Big Cloud Fabric enables what CEO Doug Murray calls a "core and pod" design favored by Google and others over the traditional network core-aggregation-edge model. Through the new design, programmers can pull together the necessary data center resource to create pods that are optimized for specific workloads, such as virtual desktop infrastructures
(VDI) or big data clusters, rather than provisioning those resources for specific applications.
The new offering, like Big Switch's Big Tap network monitoring tool
, leverages the vendor's Switch Light Operating System.
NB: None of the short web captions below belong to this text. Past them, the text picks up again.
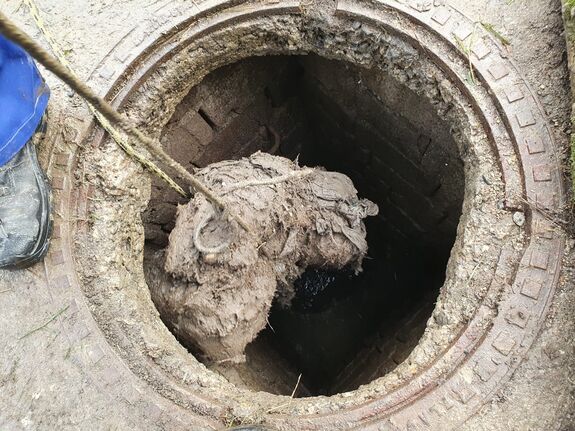 Szennyvízriadó Háromszéken: vécébe dobott szemét miatt dugul el a rendszer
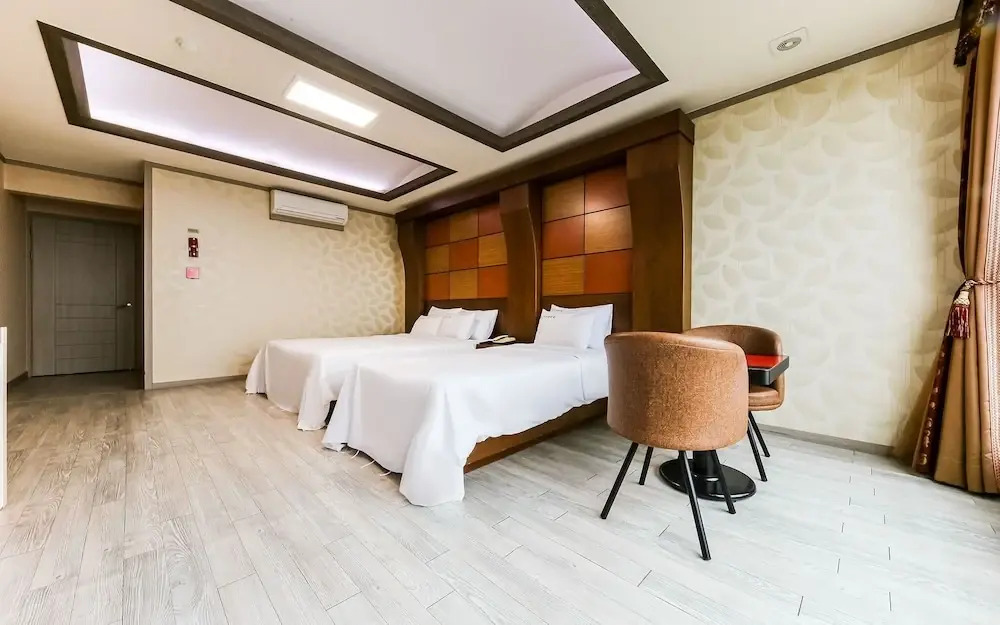 Taean Lux Pensiontel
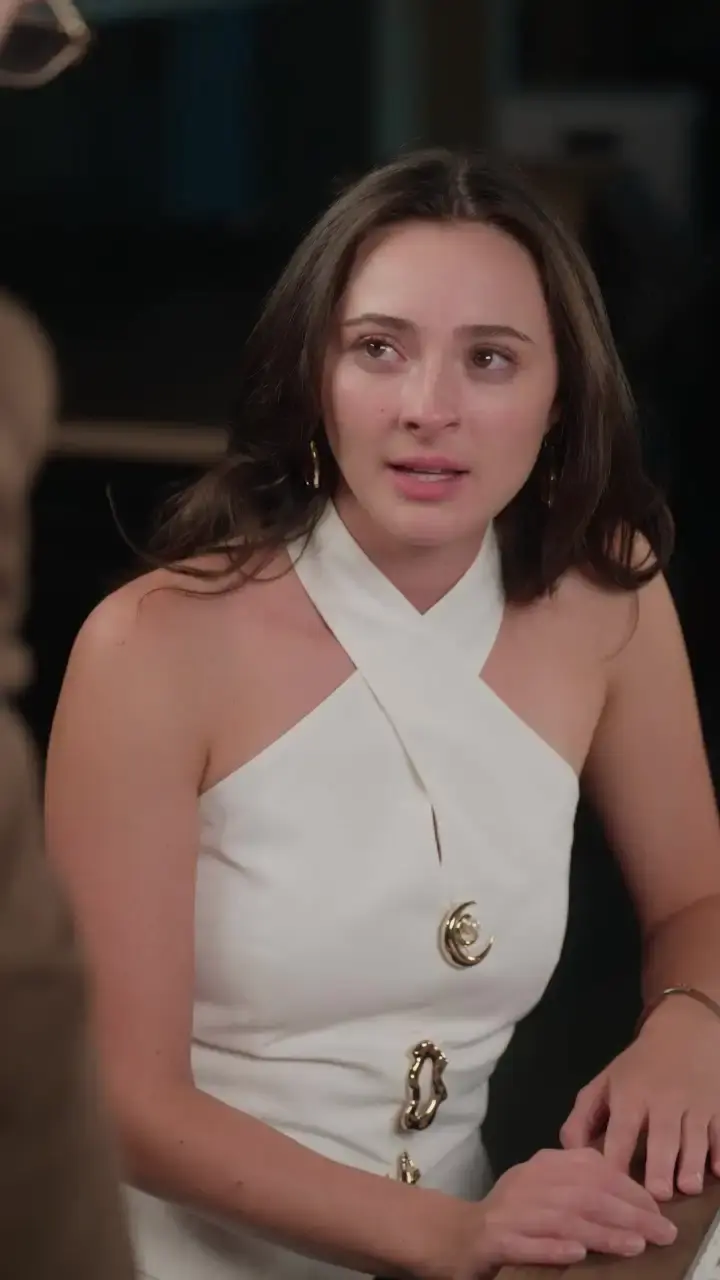 Episode 60 of Honey-Trapped My Fiancé's Billionaire Rival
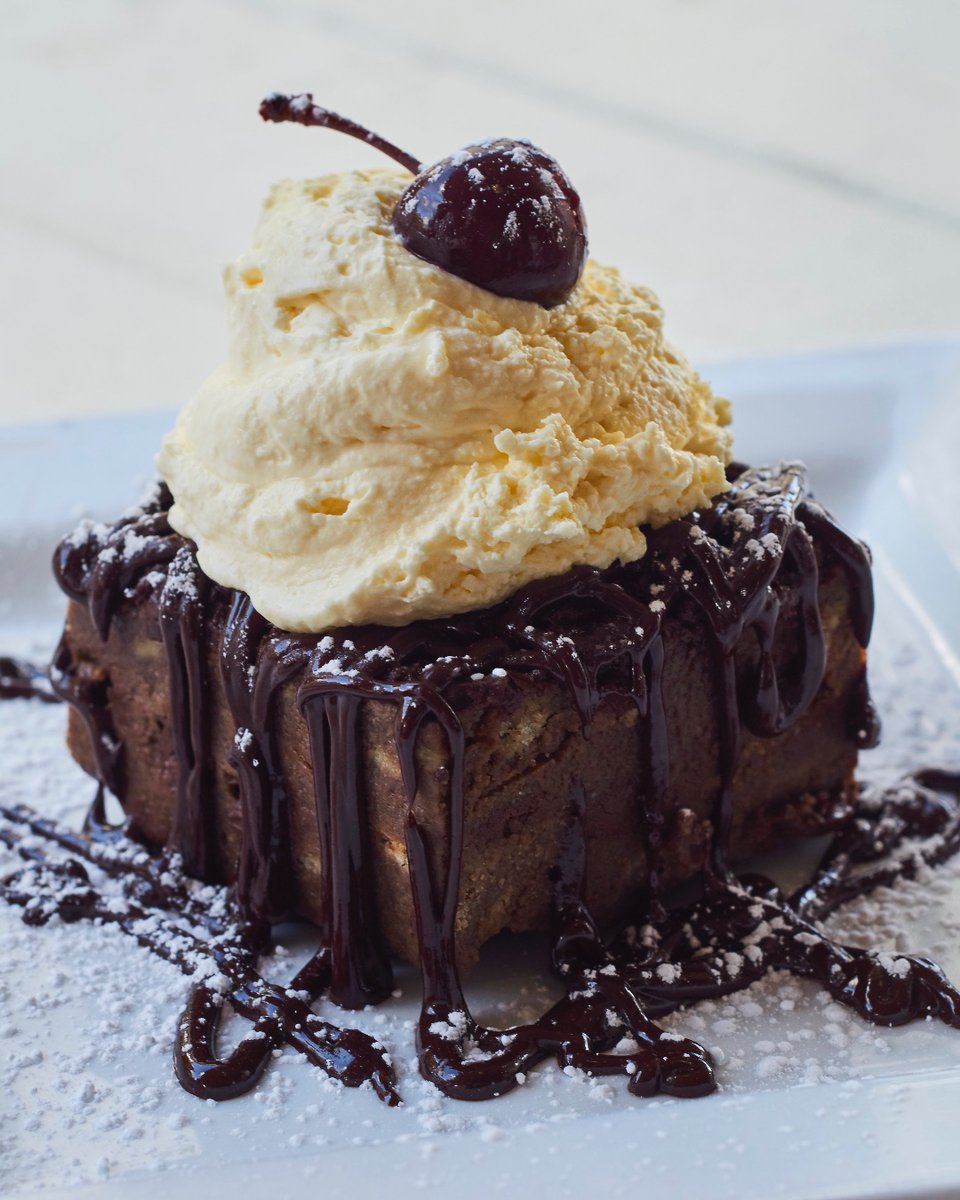 johnscitydiner's tweet photo. Thinking about ordering dessert but aren't sure you can finish it; Order our Dark Chocolate Bread Pudding and take what you don't eat home....BECAUSE it makes the BEST breakfast treat. #breadpudding #chocolatebreadpudding #dessertforbreakfast #dessert https://t.co/BXE3jANd6n
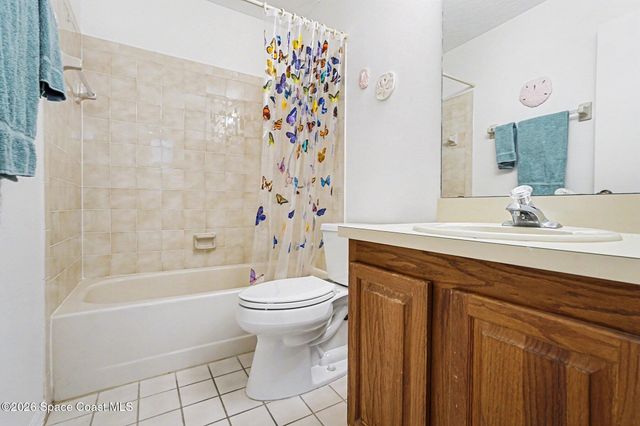 812 Ridge Lake Drive, Melbourne, FL 32940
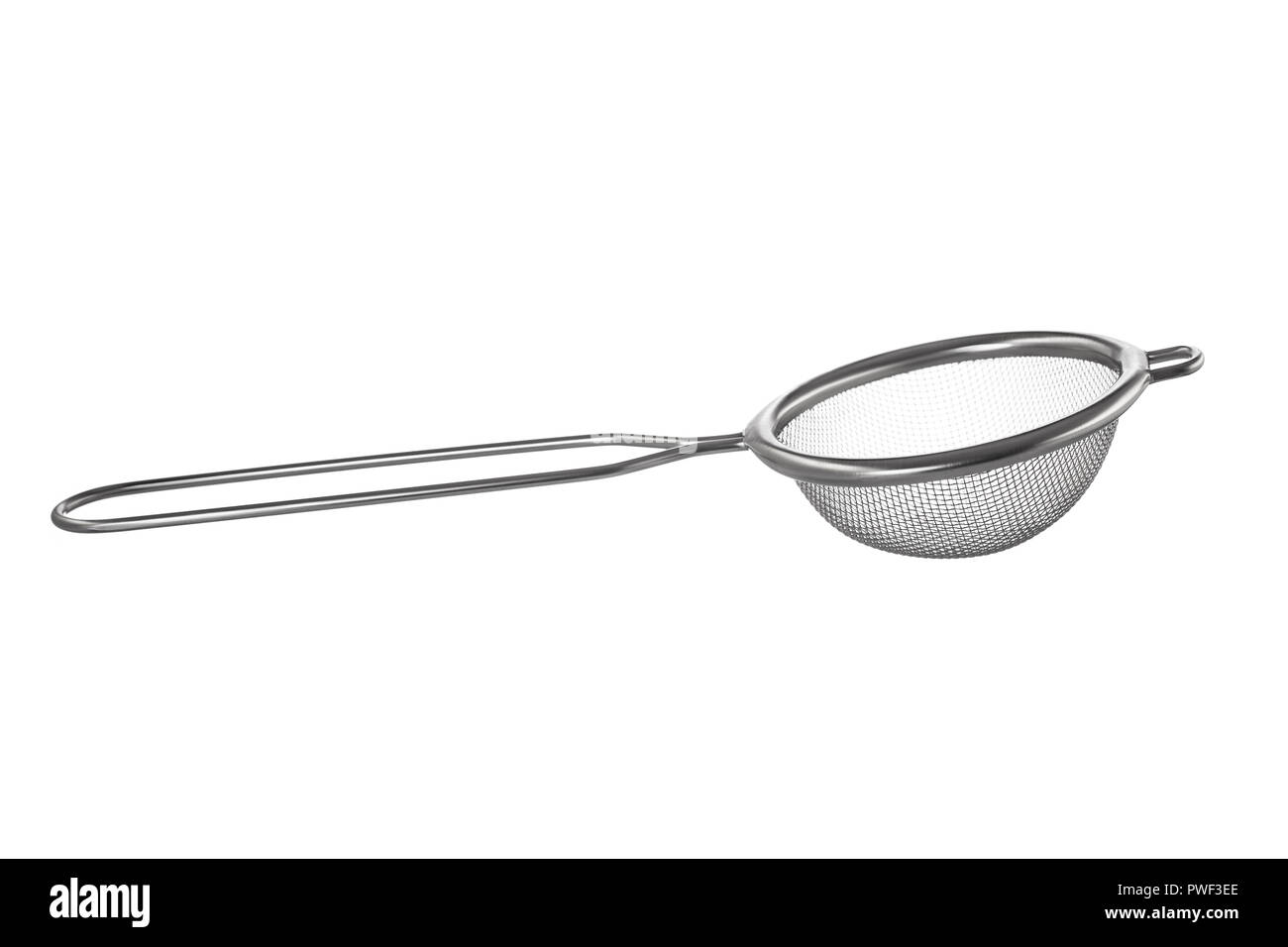 Filtro di tè con impugnatura isolata su sfondo bianco. Foto Stock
Networks are more responsive to the tasks that need to be done, and can run atop commoditized bare metal boxes that are cheaper and simpler than the more expensive and complex switches from the likes of Cisco Systems and Juniper Networks, according to Big Switch officials. Google, Facebook and other vendors that run massive data centers that push huge amounts of traffic over their networks increasingly favor these smaller, cheaper switches.
Murray, in a video on the Big Switch Web site
, noted that these vendors have been the driving force behind many of the recent developments in the networking space, and that their efforts can be leveraged by the broader enterprise market to make those networks more programmable, simpler and less expensive.
"Over the course of the last five years, innovation in data center networking hasn't come from traditional network vendors, but rather companies such as Google, Facebook, Amazon and Microsoft, the hyperscale players," Murray said, adding that Big Switch's vision "is to take this concept of hyperscale networking and the benefits therein and bring it to other data centers worldwide."
One of the key elements to these hyperscale networks are the use of bare metal and open switch hardware, which he said are becoming increasingly popular, with some analysts predicting they will soon become as much as 10 percent of the switches shipped. Other elements are the use of software-defined networking
(SDN) elements—such as a single controller that can manage both physical and virtual infrastructures—and the core-and-pod network design, the CEO said.
Big Switch's Big Cloud Fabric is designed to be used in existing data centers, according to company officials. The offering has been beta tested with 10 customers that are using it for projects around private clouds, big data and VDI. The product is designed to run on physical lean-and-spine architectures, supports Broadcom's latest Trident II chips, and is aimed at 10G and 40G environments.
It will come in two editions: the P-Clos Edition, for physical leaf-and-spine environments; and Unified P+V Clos Edition, a physical and virtual fabric where leaf, spine and vSwitches are managed by the Big Cloud Controller Fabric.
Along with Big Cloud Fabric, Big Switch also released the latest version of its Big Tap product. Big Tap 4.0 adds capabilities aimed at such use cases as distributed, remote data centers. Among the enhanced features are deeper packet matching and support for more hardware, including Dell's open networking products and Accton/Edge-Core switches running on Trident II silicon.
The new offerings come at a time of growth for Big Switch, according to officials. It has snagged its first million-dollar customer and also has a large production deployment that runs across 16 data centers. The company has customers on three continents and a range of industries, from financial services and high tech to retail, government and higher education, they said.